Kretschmann besucht Sachsen

Ministerpräsident Winfried Kretschmann (l.) und seine Frau Gerlinde Kretschmann (2.v.l.) mit dem sächsischen Ministerpräsidenten Michael Kretschmer (r.) und dessen Partnerin Annett Hofmann (2.v.r.) in Dresden (Bild: Staatsministerium Baden-Württemberg)
Ministerpräsident Winfried Kretschmann (l.) und seine Frau Gerlinde Kretschmann (2.v.l.) mit dem sächsischen Ministerpräsidenten Michael Kretschmer (r.) und dessen Partnerin Annett Hofmann (2.v.r.) in Dresden

Nach Sachsen-Anhalt hat Ministerpräsident Winfried Kretschmann Sachsen besucht. Er ist dort mit dem sächsischen Regierungschef Michael Kretschmer zusammengetroffen. Auf dem Programm standen vielfältige Begegnungen, Besichtigungen und ein Austausch zu vielerlei Themen.

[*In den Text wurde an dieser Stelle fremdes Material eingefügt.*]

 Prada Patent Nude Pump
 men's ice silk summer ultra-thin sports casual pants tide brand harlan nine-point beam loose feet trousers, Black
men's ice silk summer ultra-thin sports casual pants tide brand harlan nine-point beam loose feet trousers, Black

Nach Sachsen-Anhalt besuchte Ministerpräsident Winfried Kretschmann gestern und heute (16. und 17. Juli) in Begleitung seiner Frau Gerlinde Kretschmann und von Staatssekretär Dr. Florian Stegmann, Chef der Staatskanzlei Baden-Württemberg, Sachsen und traf mit Ministerpräsident Michael Kretschmer zusammen. Hier hatte er unter anderem bei Begegnungen mit Engagierten aus der Lausitz sowie Schülerinnen und Schülern die Gelegenheit, seinem erklärten Reiseziel, Land und Bevölkerung noch besser kennenzulernen, näherzukommen. Dabei wurde auch der Frage nachgegangen, wie die Menschen sich die Zukunft ihrer Heimat vorstellen und wie sie den Strukturwandel, der die Gesellschaft im digitalen, ökologischen und sozialen wie kulturellen Bereich erreicht, angehen. Chancen aus der Corona-Pandemie und die Zusammenarbeit in Wirtschaft, Wissenschaft und insbesondere im Gesundheitsbereich waren weitere Themen der Reise.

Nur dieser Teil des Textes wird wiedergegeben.